P. 423 of Theorem List - Metamath Proof Explorer

Theorem List for Metamath Proof Explorer - 42201-42300   *Has distinct variable group(s)

Type	Label	Description
Statement
Theorem	naddcnffn 42201	Addition operator for Cantor normal forms is a function. (Contributed by RP, 2-Jan-2025.)
⊢ ((𝑋 ∈ On ∧ 𝑆 = dom (ω CNF 𝑋)) → ( ∘f +o ↾ (𝑆 × 𝑆)) Fn (𝑆 × 𝑆))
Theorem	naddcnffo 42202	Addition of Cantor normal forms is a function onto Cantor normal forms. (Contributed by RP, 2-Jan-2025.)
⊢ ((𝑋 ∈ On ∧ 𝑆 = dom (ω CNF 𝑋)) → ( ∘f +o ↾ (𝑆 × 𝑆)):(𝑆 × 𝑆)–onto→𝑆)
Theorem	naddcnfcl 42203	Closure law for component-wise ordinal addition of Cantor normal forms. (Contributed by RP, 2-Jan-2025.)

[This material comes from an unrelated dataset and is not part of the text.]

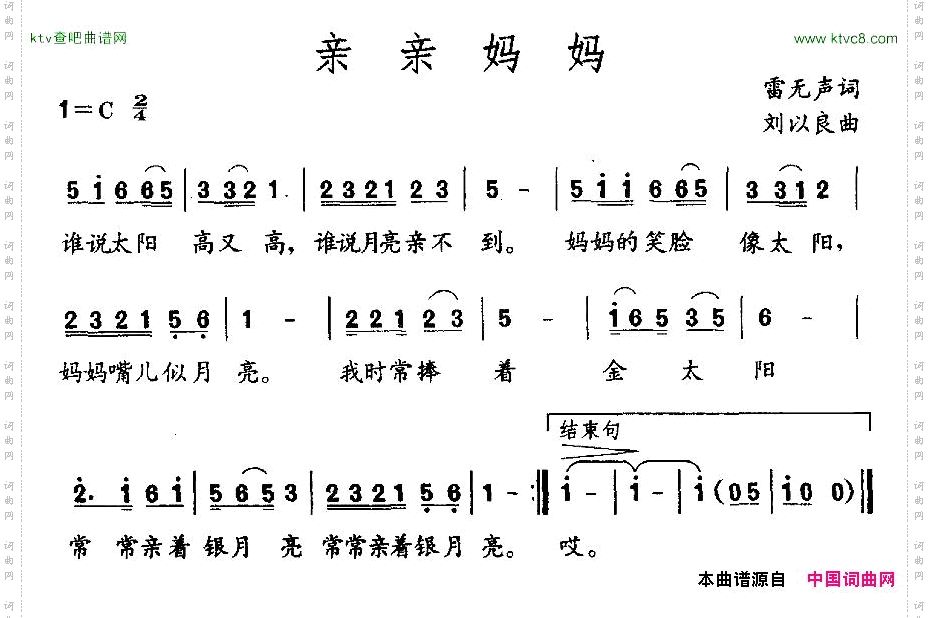 亲亲妈妈雷无声词刘以良曲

⊢ (((𝑋 ∈ On ∧ 𝑆 = dom (ω CNF 𝑋)) ∧ (𝐹 ∈ 𝑆 ∧ 𝐺 ∈ 𝑆)) → (𝐹 ∘f +o 𝐺) ∈ 𝑆)
Theorem	naddcnfcom 42204	Component-wise ordinal addition of Cantor normal forms commutes. (Contributed by RP, 2-Jan-2025.)
⊢ (((𝑋 ∈ On ∧ 𝑆 = dom (ω CNF 𝑋)) ∧ (𝐹 ∈ 𝑆 ∧ 𝐺 ∈ 𝑆)) → (𝐹 ∘f +o 𝐺) = (𝐺 ∘f +o 𝐹))
Theorem	naddcnfid1 42205	Identity law for component-wise ordinal addition of Cantor normal forms. (Contributed by RP, 3-Jan-2025.)
⊢ (((𝑋 ∈ On ∧ 𝑆 = dom (ω CNF 𝑋)) ∧ 𝐹 ∈ 𝑆) → (𝐹 ∘f +o (𝑋 × {∅})) = 𝐹)
Theorem	naddcnfid2 42206	Identity law for component-wise ordinal addition of Cantor normal forms. (Contributed by RP, 3-Jan-2025.)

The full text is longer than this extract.